= What the task asks =
Repeat the entries below exactly as they appear, with no pictures.

= Data =
--

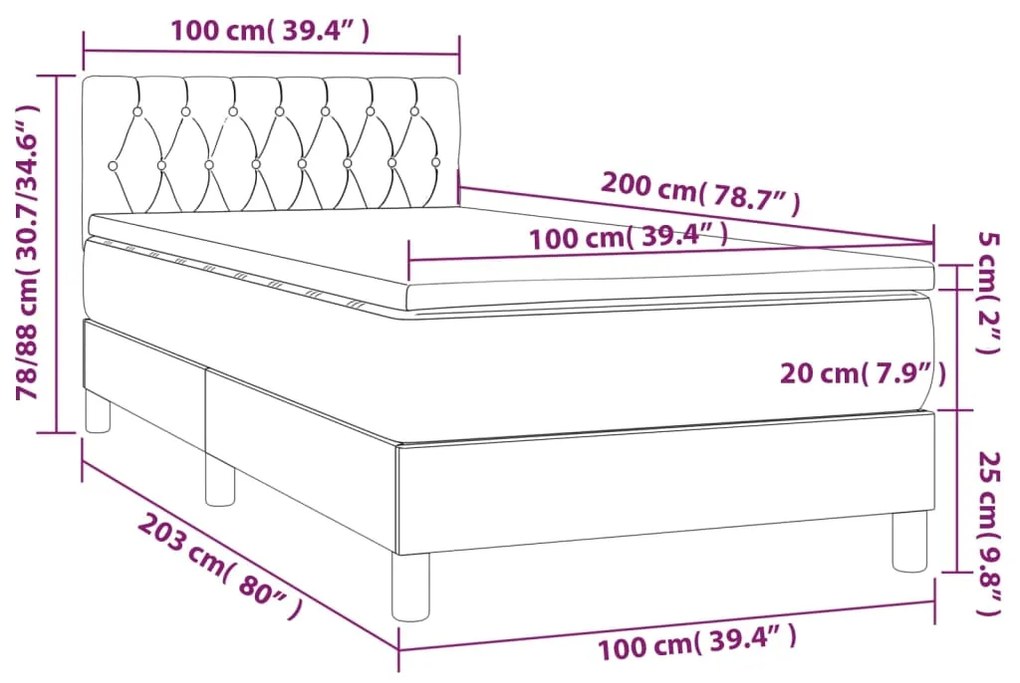 Pat box spring cu saltea, gri deschis, 100x200 cm, textil Gri deschis, 100 x 200 cm, Design cu nasturi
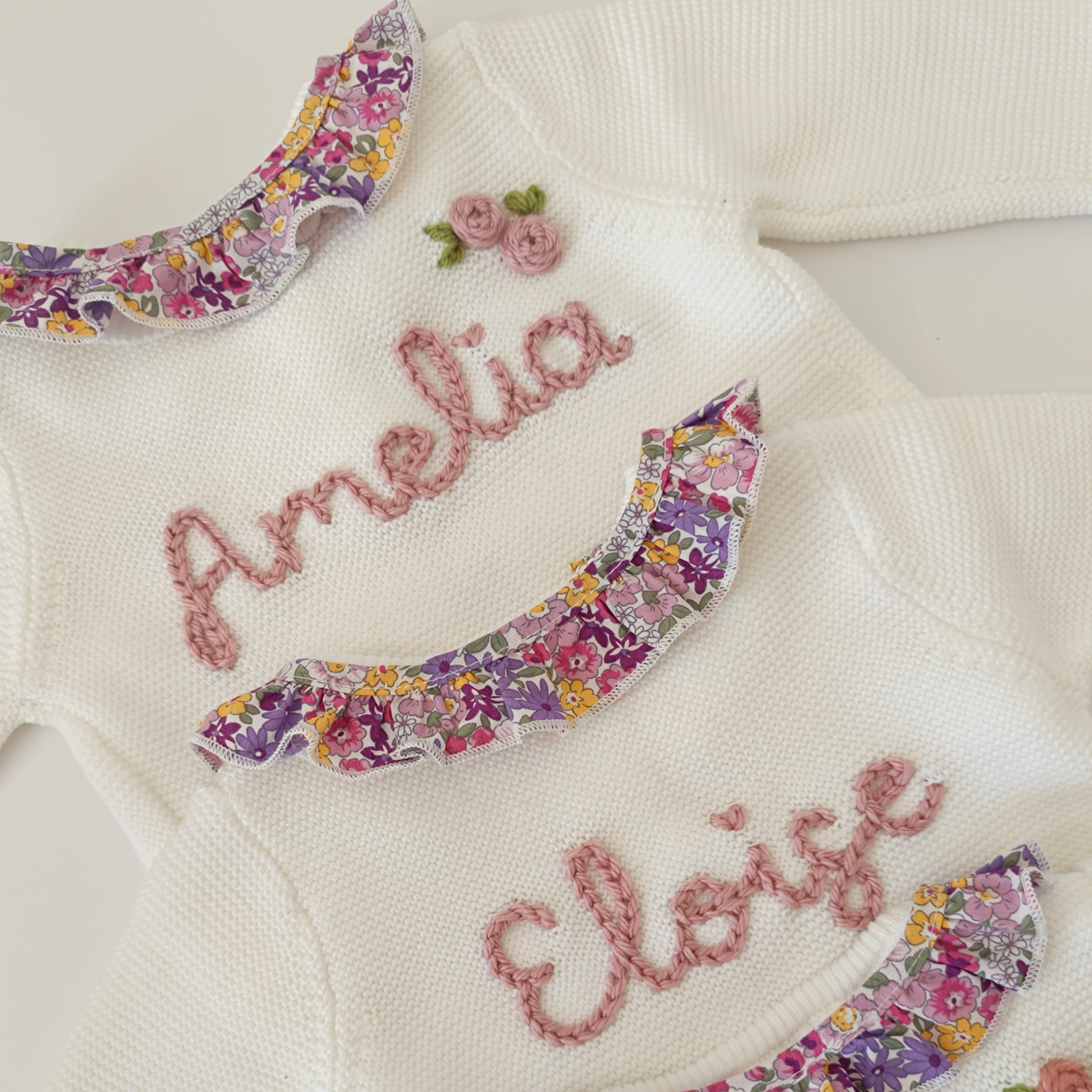 Personalised Embroidered Floral Frill White Cardiga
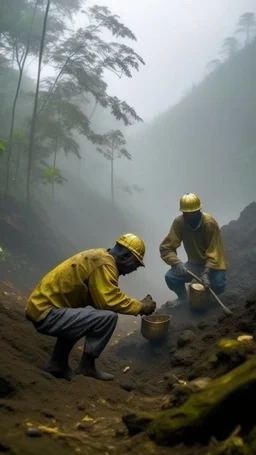 African workers in a cave digging for gold in cloudy fog forest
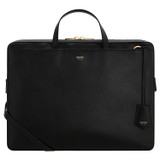 Front product shot of the Oroton Muse Apple 15" Slim Laptop Bag in Black and Vegan leather for Women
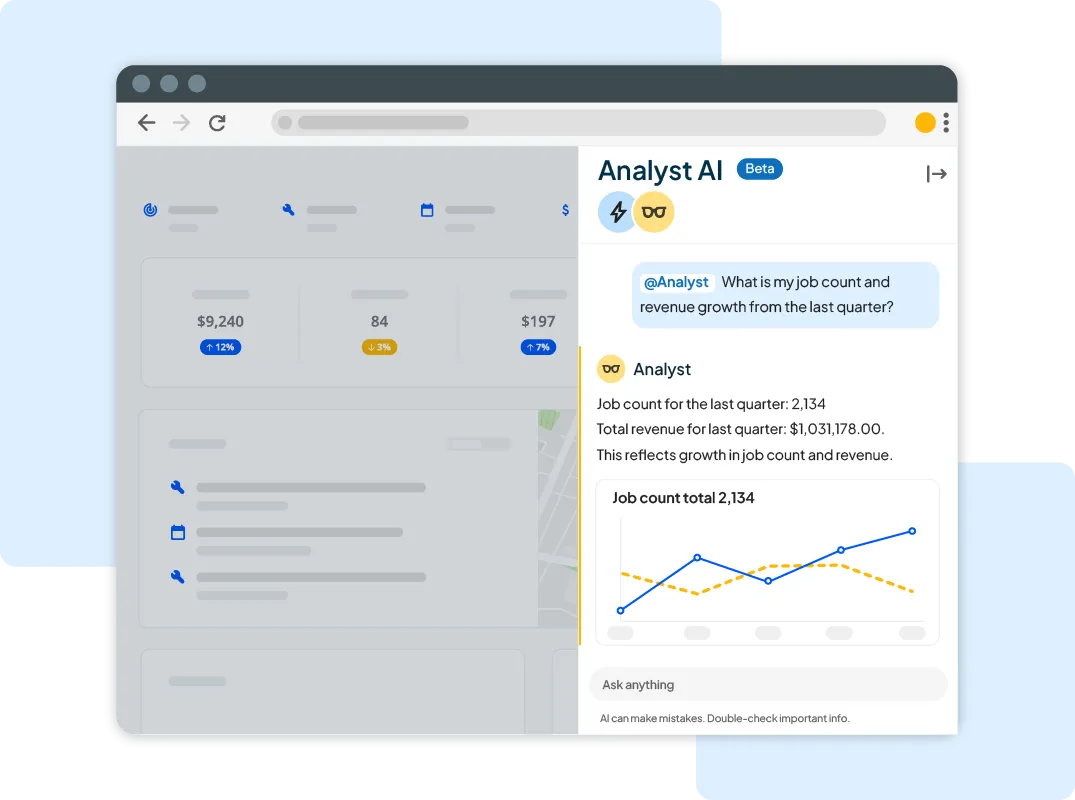 Analyst AI chat view from Housecall Pro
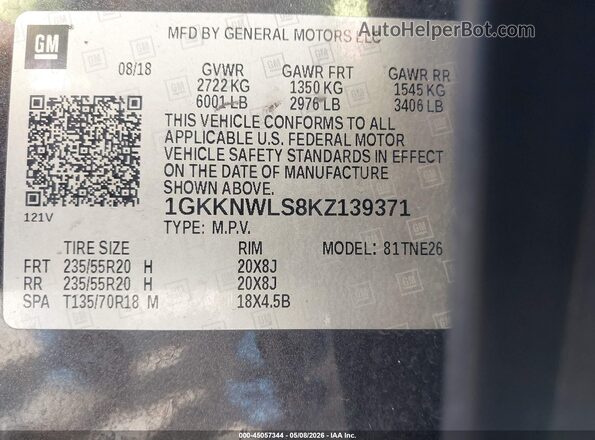1GKKNWLS8KZ139371 2019 GMC ACADIA Gray 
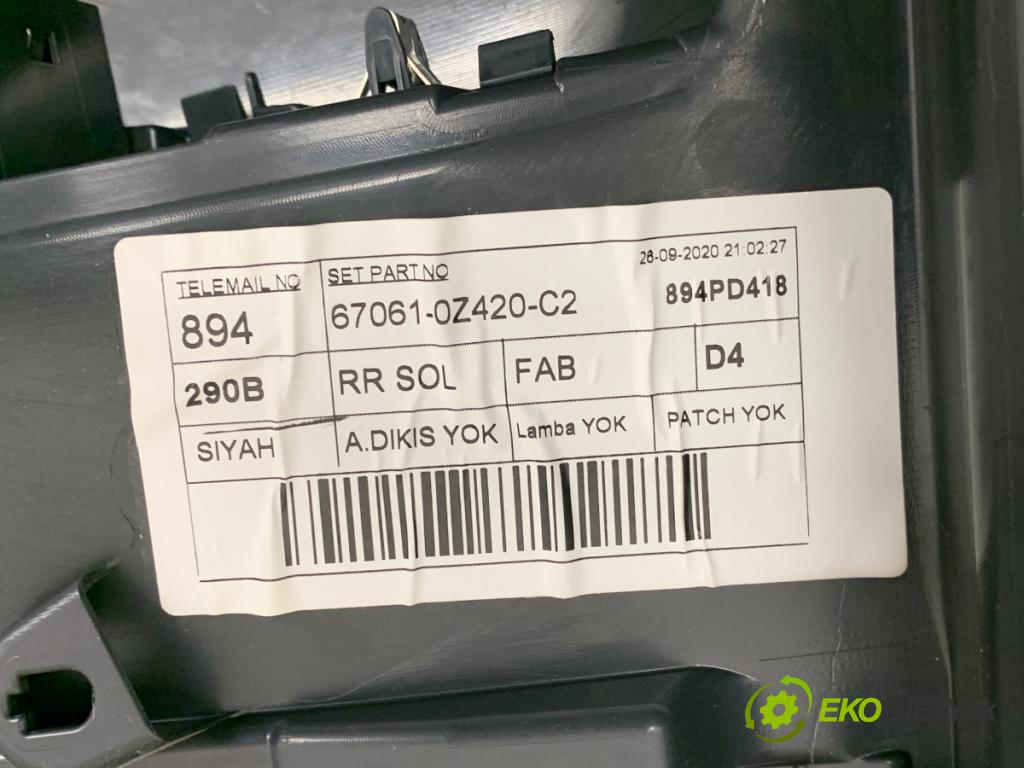 TOYOTA COROLLA E21 sedan 2020 72 kW 1.8 VVTi Hybrid (ZWE211, MZEA12) 1798 čalúnenie Dvere ľavy zad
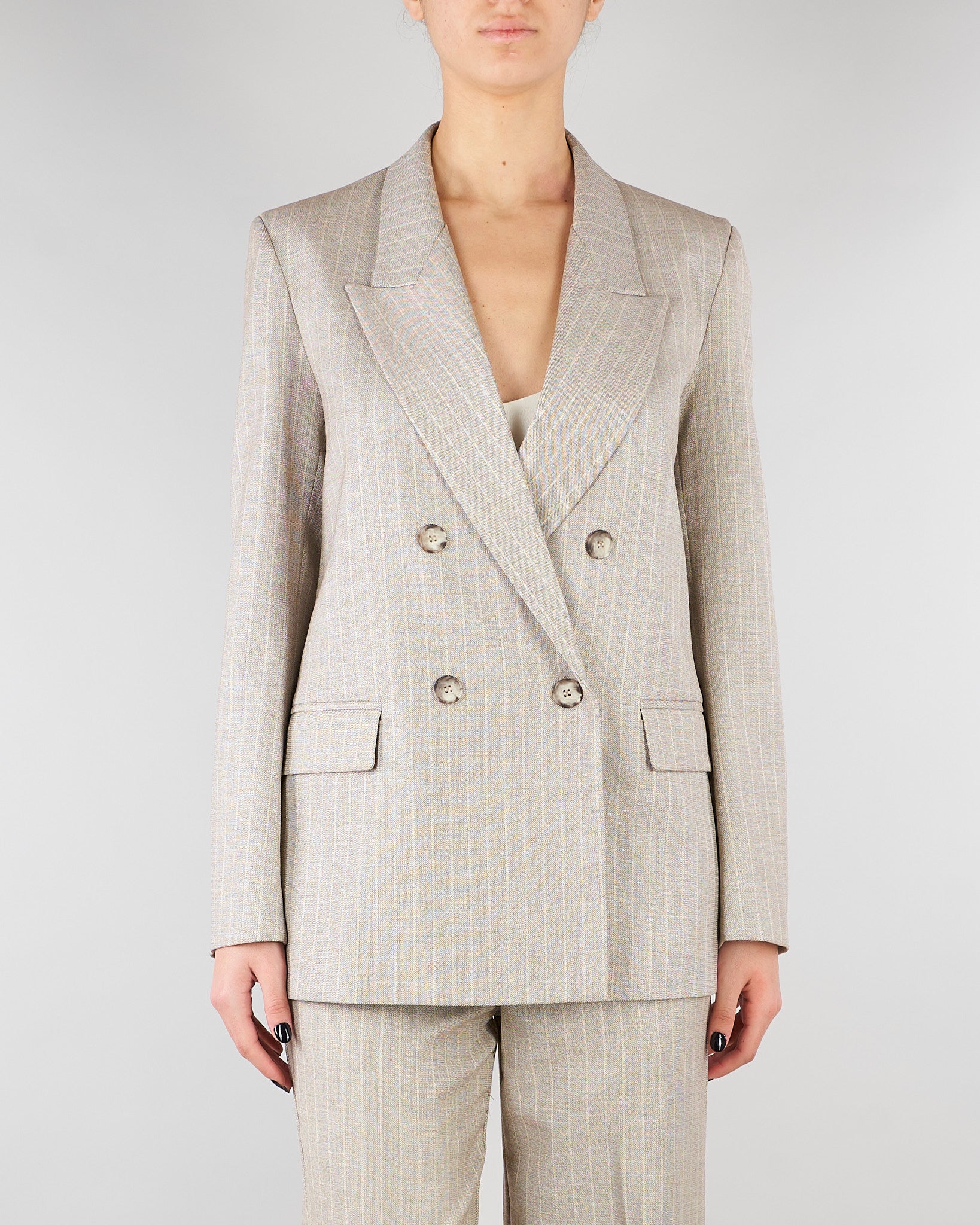 Blazer Doppiopetto Gessato Beige Collo a Lancia TAB0228 35 VICOLO 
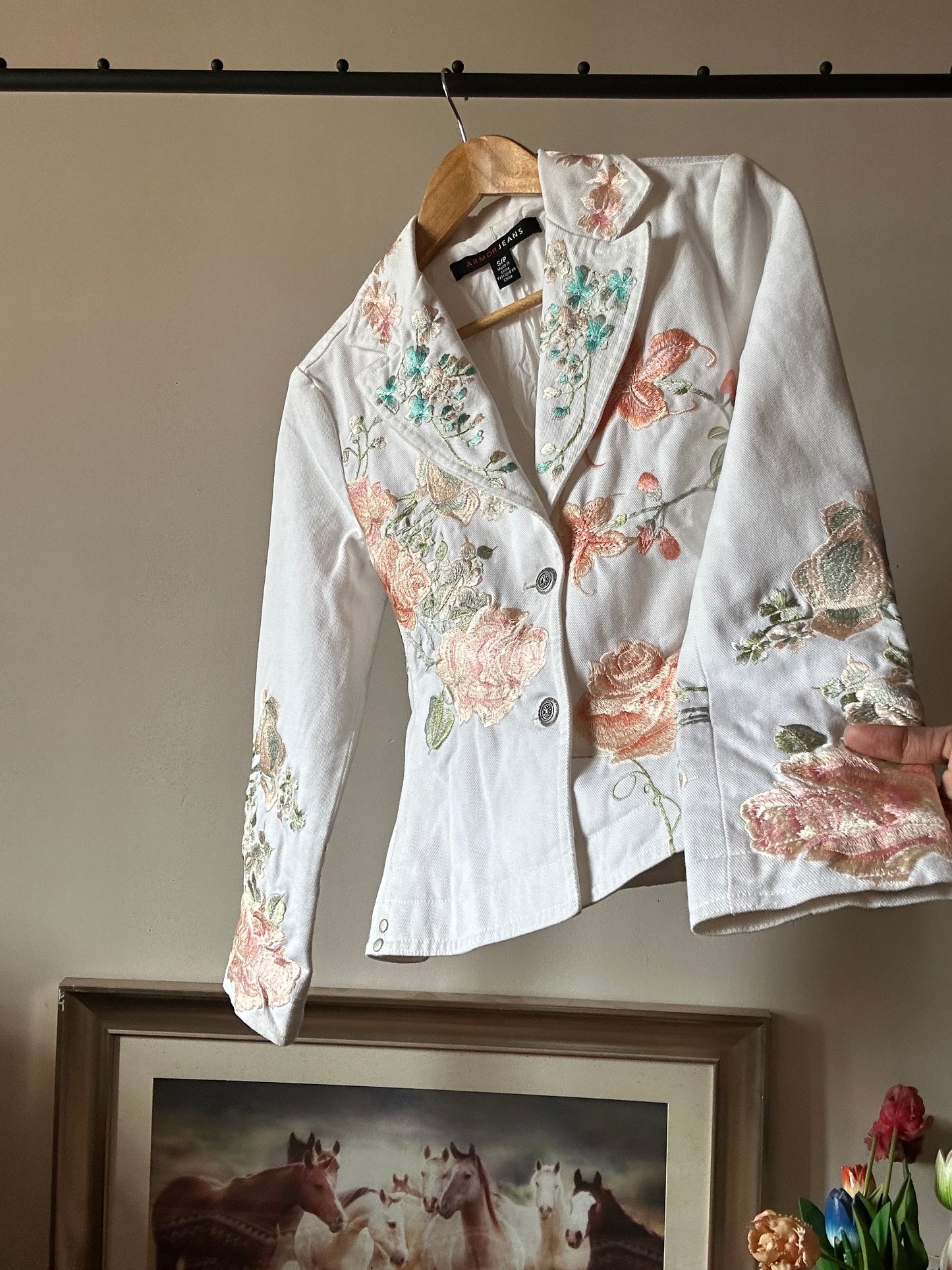 Vintage Armor Jeans Denim Embroidered Jacket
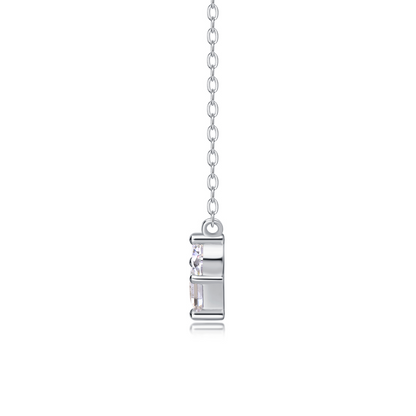 The Lumina Present Pendant – Square Moissanite Necklace in Platinum-Plated S925 Silver
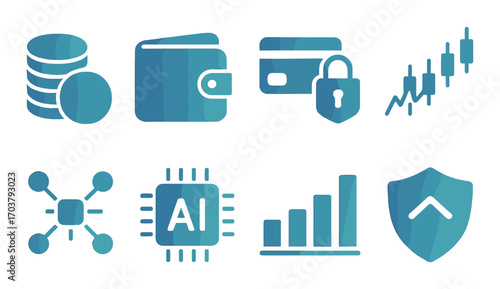 Futuristic digital finance and security icons on a dark background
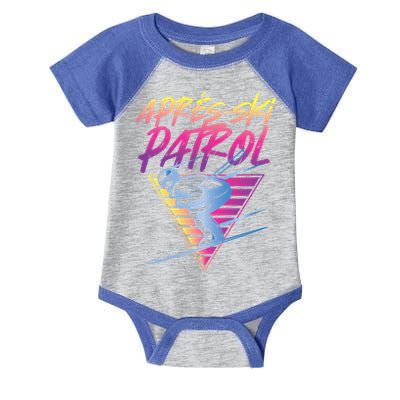 Retro Vintage 80s Apres Ski Patrol Funny Gift Infant Baby Jersey Bodysuit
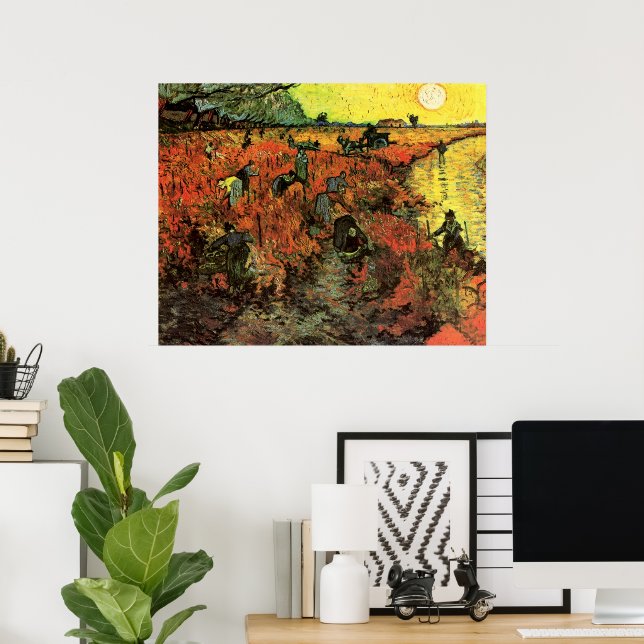 Poster Le vignoble rouge par Vincent van Gogh (Bureau à domicile)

--

= Answer to this problem =
 Pat box spring cu saltea, gri deschis, 100x200 cm, textil Gri deschis, 100 x 200 cm, Design cu nasturi
 Personalised Embroidered Floral Frill White Cardiga
 African workers in a cave digging for gold in cloudy fog forest
 Front product shot of the Oroton Muse Apple 15" Slim Laptop Bag in Black and Vegan leather for Women
 Analyst AI chat view from Housecall Pro
1GKKNWLS8KZ139371 2019 GMC ACADIA Gray 
 TOYOTA COROLLA E21 sedan 2020 72 kW 1.8 VVTi Hybrid (ZWE211, MZEA12) 1798 čalúnenie Dvere ľavy zad
 Blazer Doppiopetto Gessato Beige Collo a Lancia TAB0228 35 VICOLO 
 Vintage Armor Jeans Denim Embroidered Jacket
 The Lumina Present Pendant – Square Moissanite Necklace in Platinum-Plated S925 Silver
 Futuristic digital finance and security icons on a dark background
 Retro Vintage 80s Apres Ski Patrol Funny Gift Infant Baby Jersey Bodysuit
 Poster Le vignoble rouge par Vincent van Gogh (Bureau à domicile)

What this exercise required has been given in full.